Il faut bien sûr faire la part de la propagande. Mais il est
certain qu’il y a une part de vérité: cela
indique, d’une part, que tous les signataires sur des
formulaires d’extrême droite ne peuvent être
assimilés à ce courant, mais aussi, plus important, que
ce référendum, vu la position de la large majorité
de la gauche organisée, a permis à l’extrême
droite de se profiler sur le terrain social de la gauche. Cela ne
fait que souligner la responsabilité de ces organisations.
Et maintenant ?
Une campagne de longue haleine
Si le référendum
avait été un coup de bluff, le dépôt des
signatures en aurait sifflé la fin. Mais tel n’est pas
le cas. Le référendum n’est pour nous que la première
phase d’une longue campagne, la deuxième phase préparant
la votation du 25 septembre, et la troisième, après un
NON, visant à obtenir une renégociation, avec les
autorités suisses, de vraies mesures d’accompagnement
(voir communiqué MPS-BFS - Alliance de gauche).
Un débat
inévitable. Y participer du côté des patrons ? ou
du côté des salarié·e·s ?
Dès la décision
du Parlement, il était certain que le débat et le vote
sur la (pseudo) libre circulation et les (soi-disant) mesures
d’accompagnement aurait lieu (quand l’extrême
droite a-t-elle pour la dernière fois raté un
référendum ?). Dès lors, la question ne
pouvait pas être « d’aider ou de ne pas aider
Blocher », comme a feint de le croire la plus grande
partie de la gauche. L’enjeu était de tout faire pour
modifier les axes et le déroulement d’un débat
inévitable et d’empêcher qu’il se résume
à un face à face entre d’une part le soi-disant
« bloc ouvert » allant « d’A
gauche toute » à Peter Hasler patron des patrons en
passant par les directions syndicales, socialistes et vertes, et
d’autre part l’UDC. Celle-ci aurait alors pu apparaître
comme seul défenseur des salarié·e·s qui,
dans la réalité, vivent et vivront les effets du
dumping salarial et social. Que des enquêtes de circonstance
(voir sur ce site la critique de l'enquête du Seco)

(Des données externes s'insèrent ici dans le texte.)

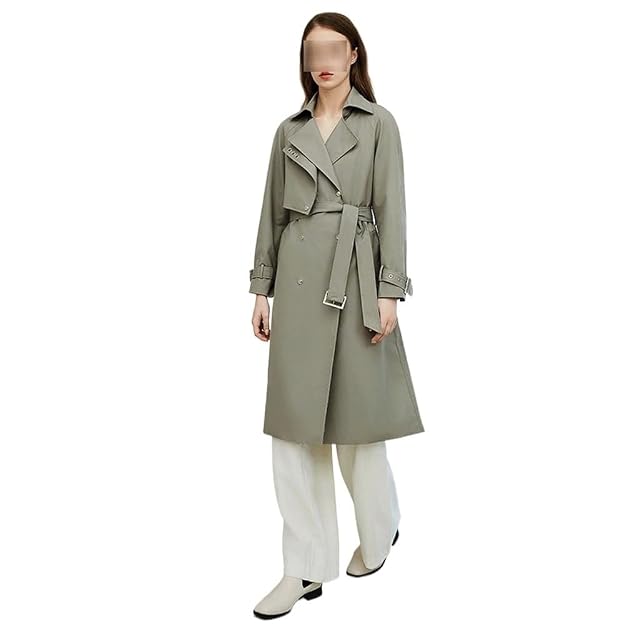 Black Trench Coat Womens Medium-length Fall Small Person Jacket Single-breasted Long Coat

les nient, que des fonctionnaires syndicaux dans leurs bureaux
bernois refusent de les enregistrer, ne changera rien aux faits.

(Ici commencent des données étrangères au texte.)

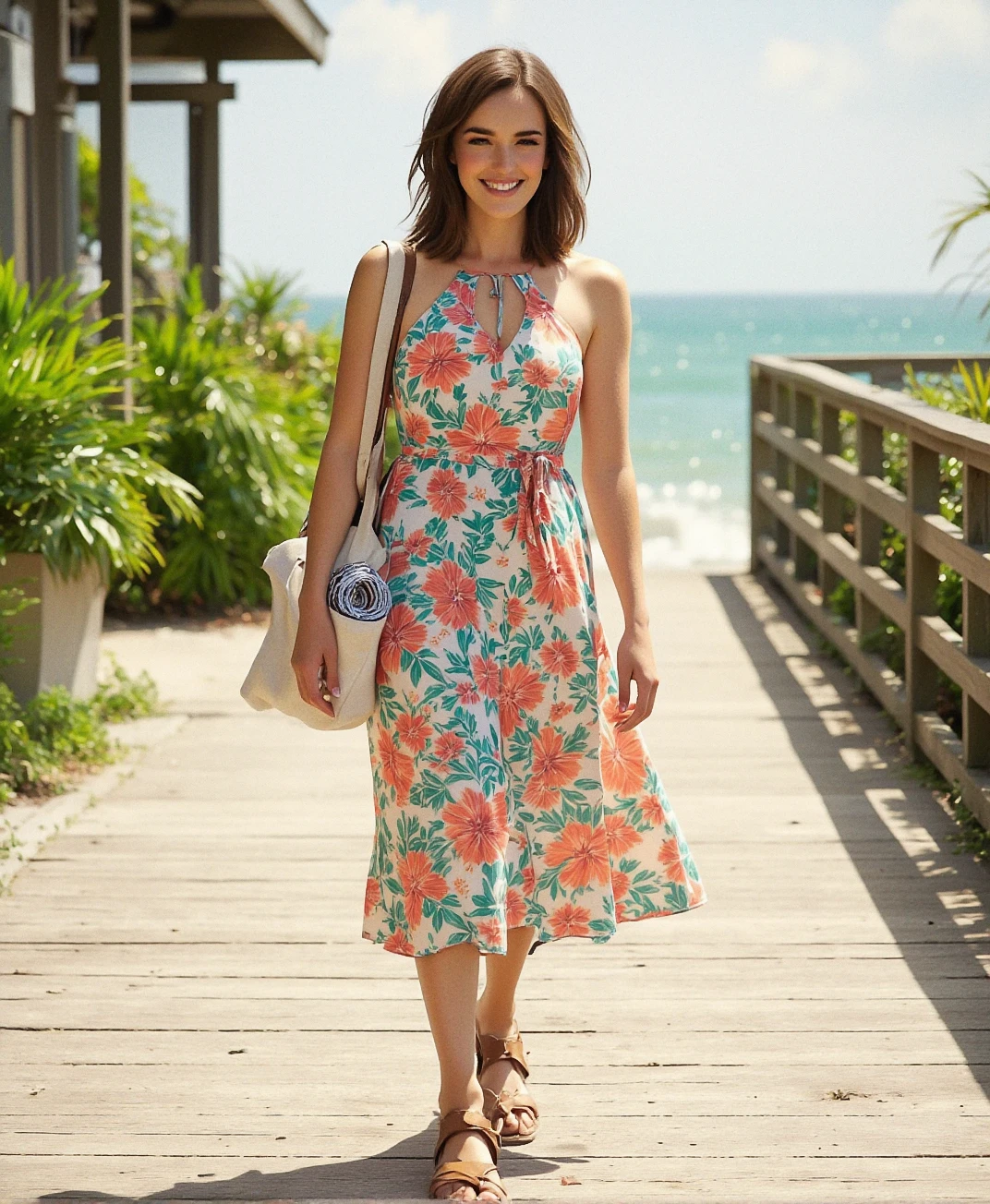 An analog photograph of (sks woman:1), Exploring a Coastal Town
Walking along a sunlit boardwalk, she wears a light floral dress patterned with coral and turquoise hibiscus blooms. The dress is midi-length, with a halter neckline that ties at the back of her neck. She carries a canvas tote bag slung over her shoulder, filled with local souvenirs and a rolled-up beach towel. Her leather sandals slap gently against the wooden planks, and her shoulder-length curls are tousled by the salty breeze as she stops to admire the view of the ocean.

Ces faits, ces cas de dumping au profit des patrons, nous les
recueillerons, les recenserons, les présenterons avec leur
arrière-plan, dans une vraie campagne de gauche, massive, pour
une libre circulation acompagnée de droits sociaux et
syndicaux renforcés. Pas de bluff, mais de l’opiniâtreté
et de la conviction dans la défense de toutes celles et tous
ceux qui travaillent et travailleront en Suisse.